With RBOB up 7% today and heating oil nearly 5% ideally hedgers started legging back into their fall hedges. The closer natural gas gets to $4/BTU the more interested we are in re-establishing longs for speculators…stay tuned. Clients have no exposure in the indices but we have a slightly bullish bias and would continue to use the 50 day MA as the pivot point; which is now support. In the S&P at 1332 and in the Dow at 12475. The Cable traded down to the trend line and held in early dealings so we advised clients to book profits on their shorts. A trade below 74.30 or above 75.50 would likely dictate the direction in the US dollar from here …trade accordingly.

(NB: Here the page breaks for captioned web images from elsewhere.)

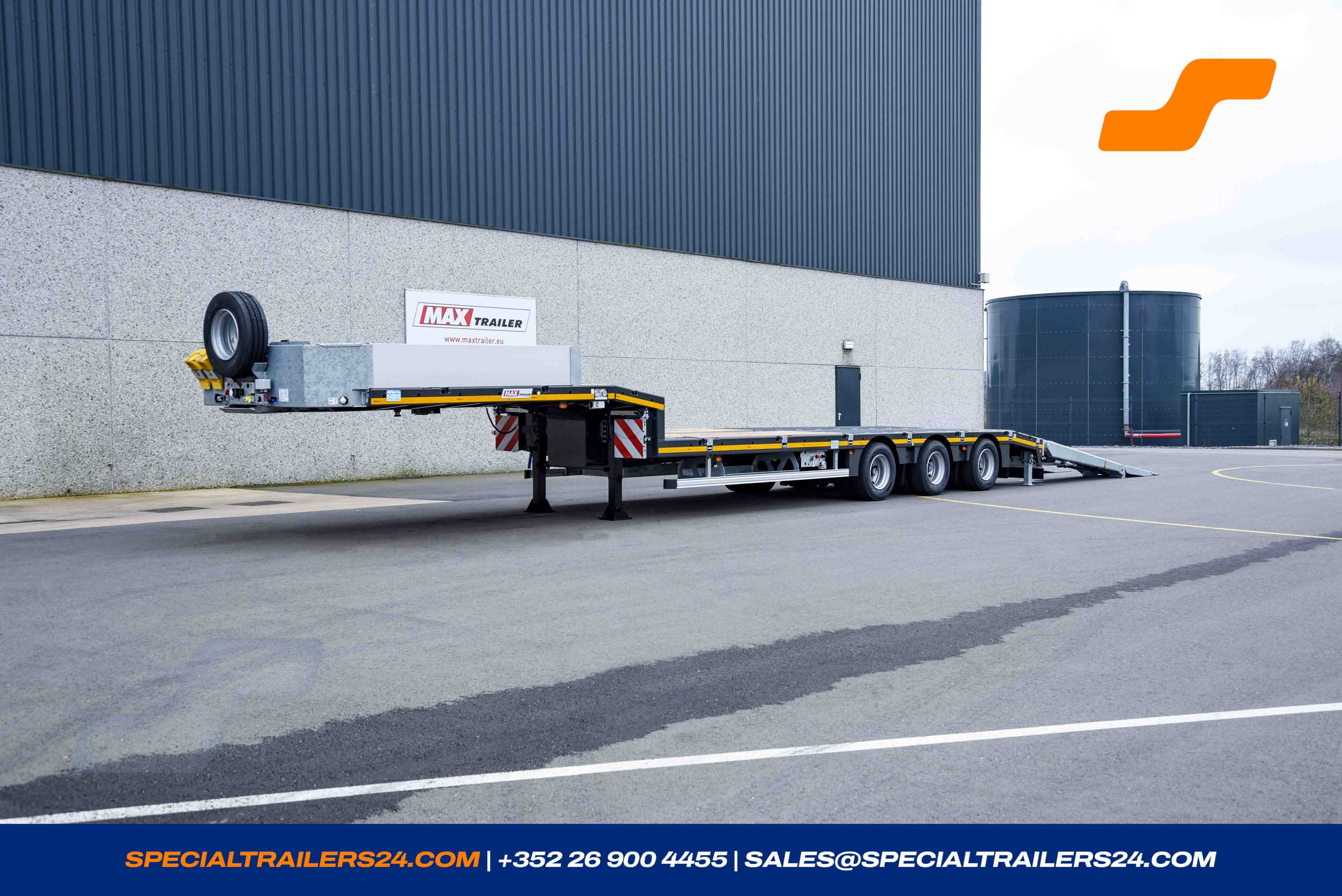 Low loader MAX Trailer MAX110 Vehicle for sale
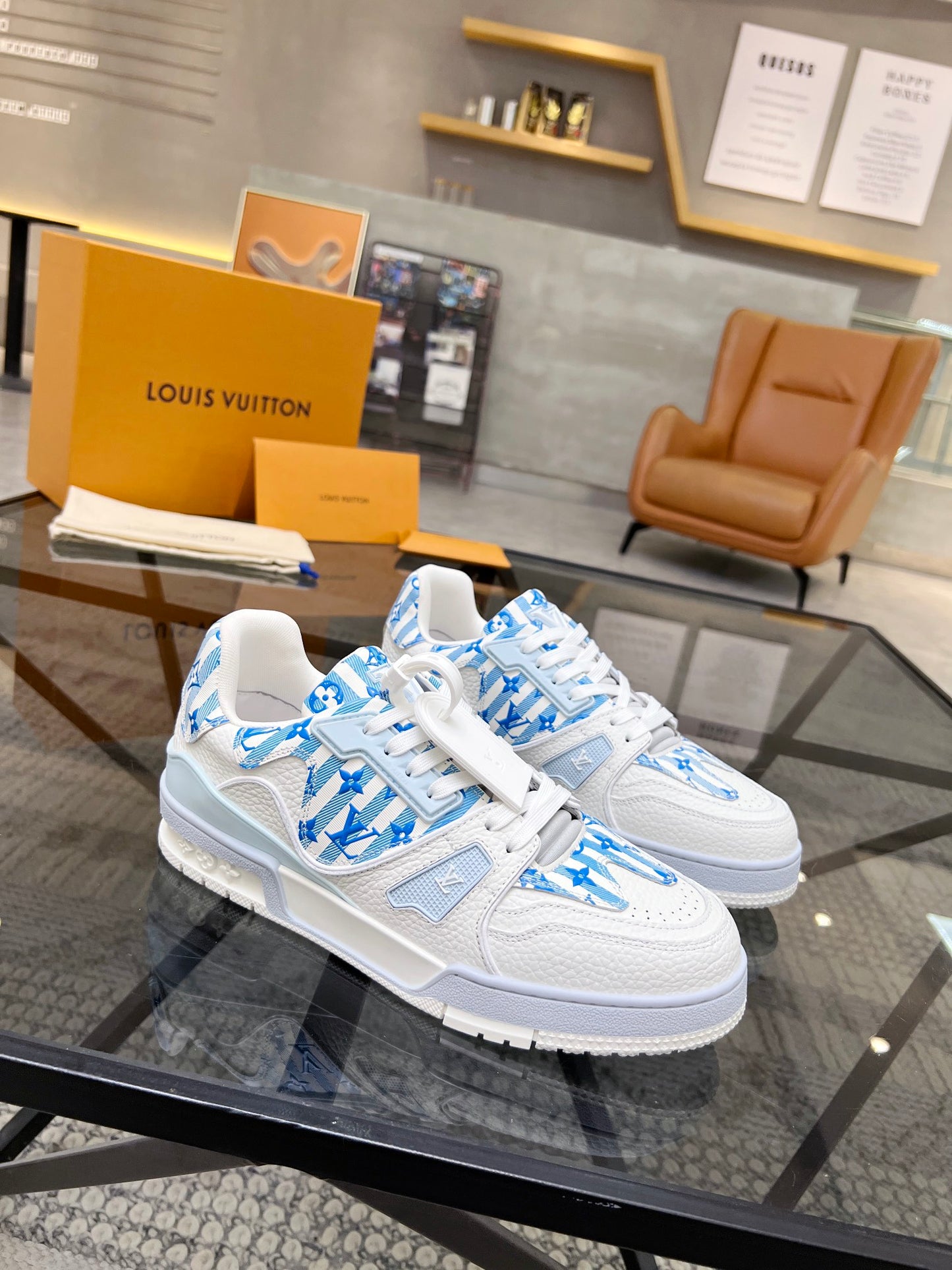 LV-144shoes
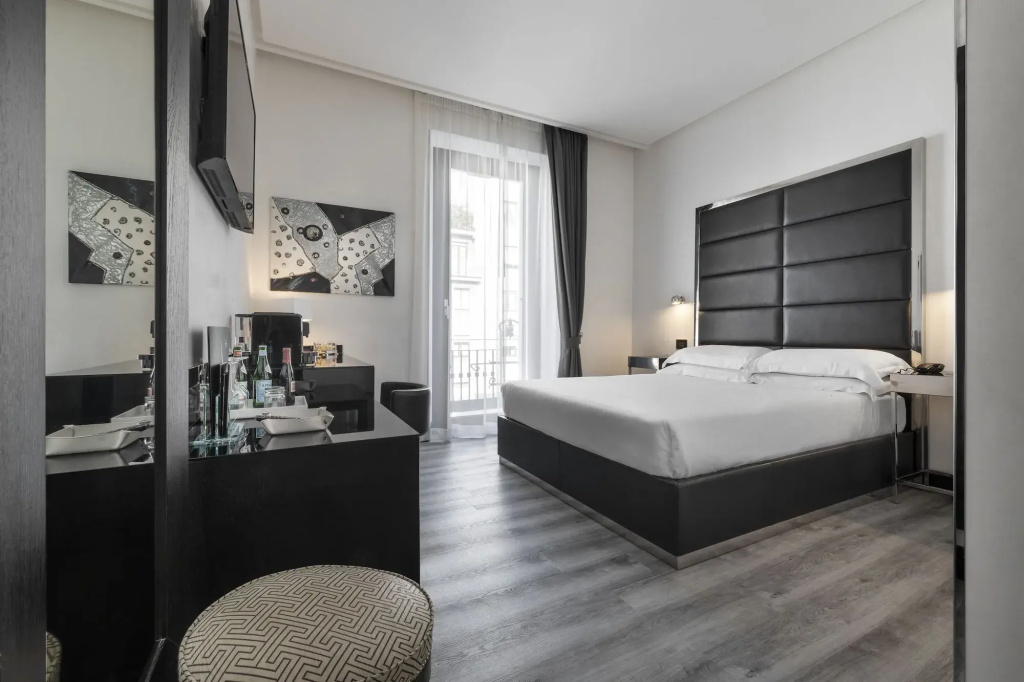 LHP Hotel Napoleon — photo 7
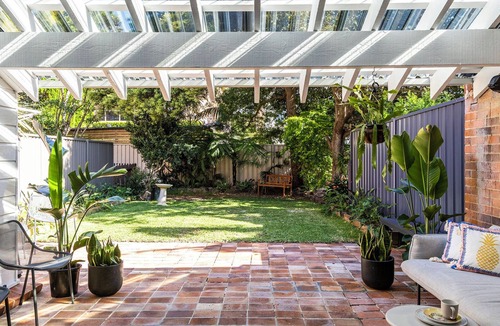 Corlette House | Solace by the Bay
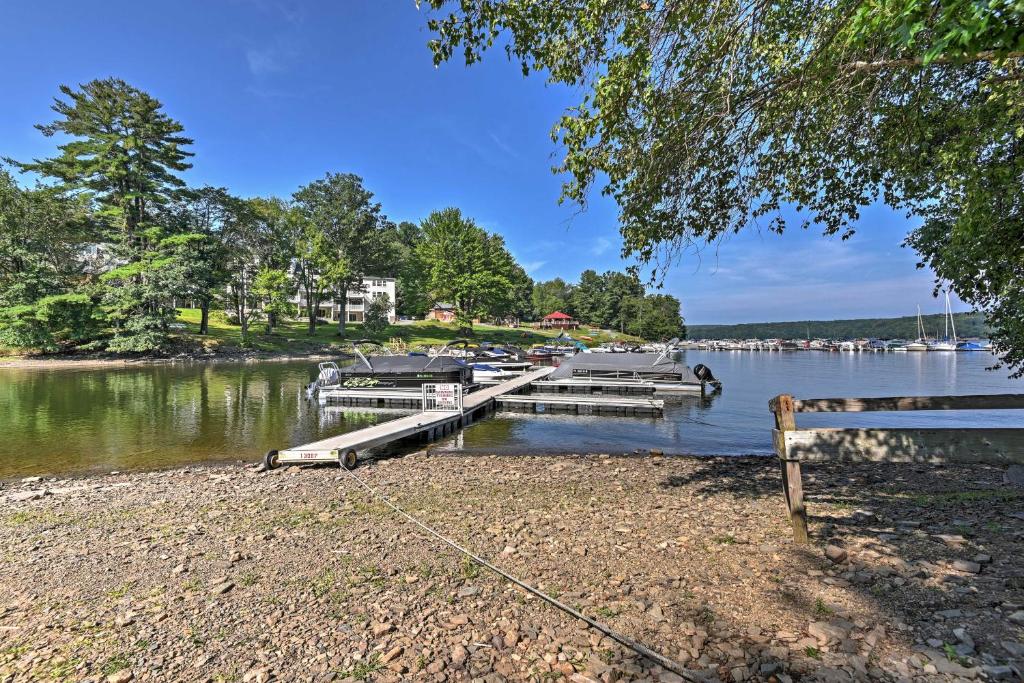 Peaceful Home with Deck Near Lake Wallenpaupack! - image 6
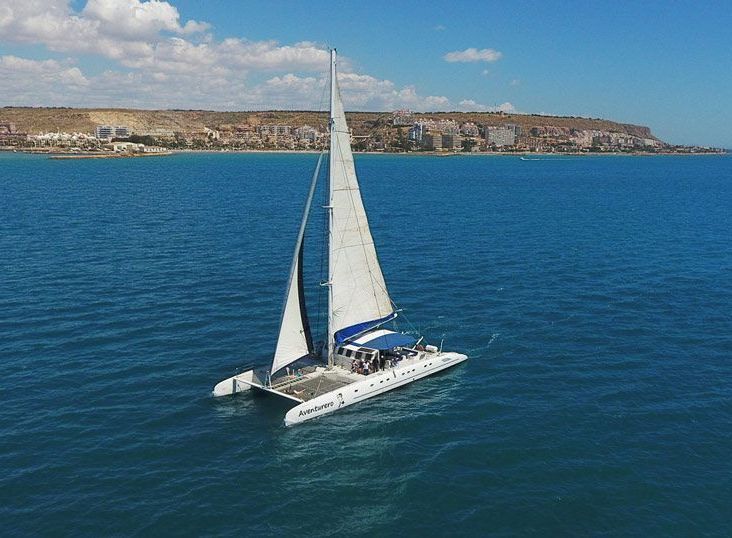 Fiesta en Barco Alicante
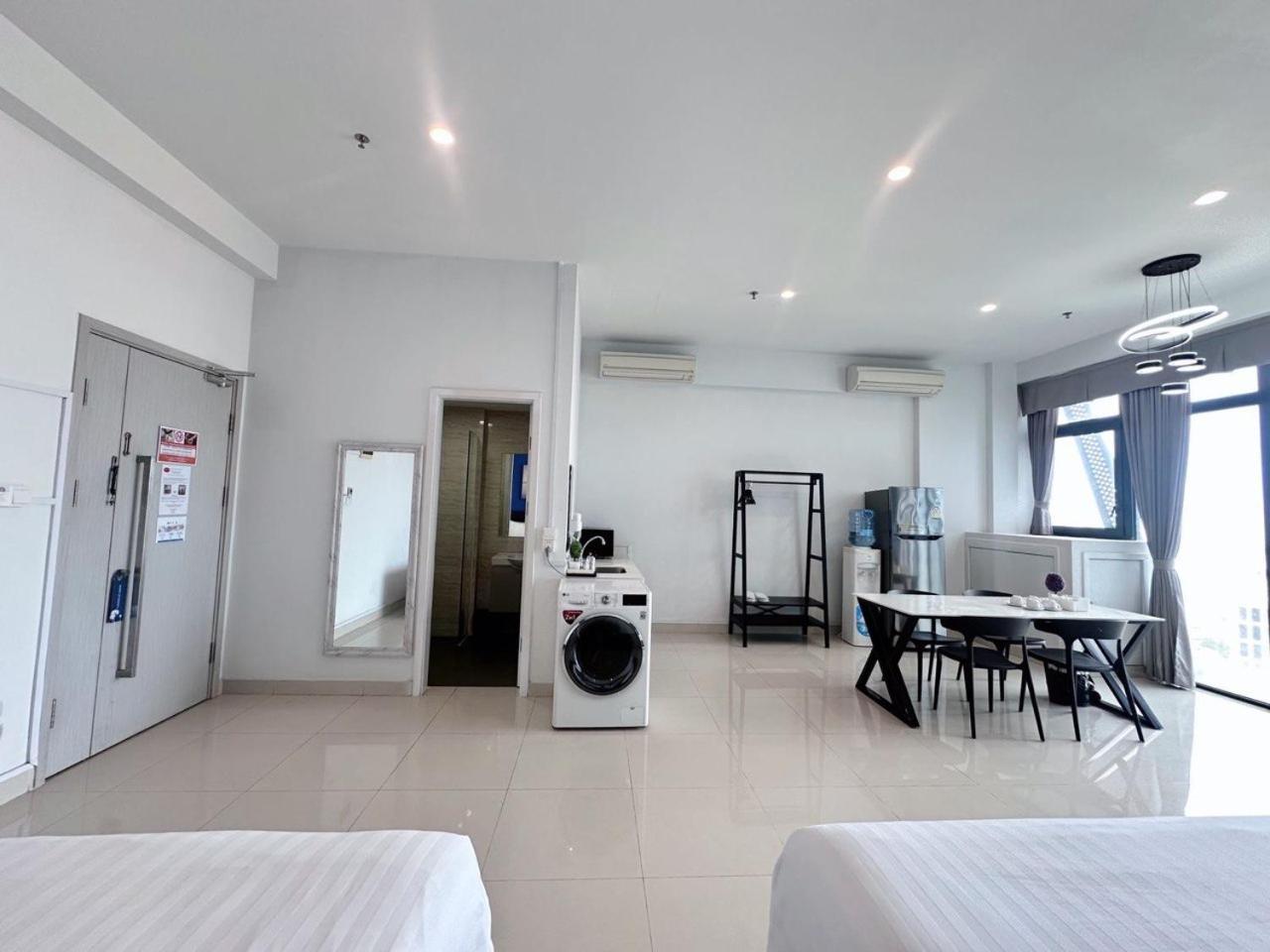 The Bridge Club Hotell Phnom Penh Exteriör bild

Echoing last week aggressive traders could get long lean hogs and live cattle with tight stops below the recent lows. Our favored play is bullish exposure in December live cattle with a $122.00 target. We expect more appreciation in both gold and silver from here and recommend bullish exposure thinking we could see another $35-50 move north in gold and $3-5 in this leg in silver respectively. We’ve advised a combination of options and futures plays depending on the clients account size and risk tolerance. Sugar remains on our buy list and coffee on our sell list. Continue to use set backs in corn, soybeans and I guess wheat as well to be a buyer. We may re-examine buying KCBOT wheat against CBOT wheat in future sessions…stay tuned.
We are closer to crying uncle with our bearish plays in the Treasury complex if we do not turn south very soon…stay tuned. Some clients are short 10-yr notes and Euro-dollars which are both losing propositions.
Risk disclosure: The risk of loss in trading commodity futures and options can be substantial. Past performance is no guarantee of future trading results.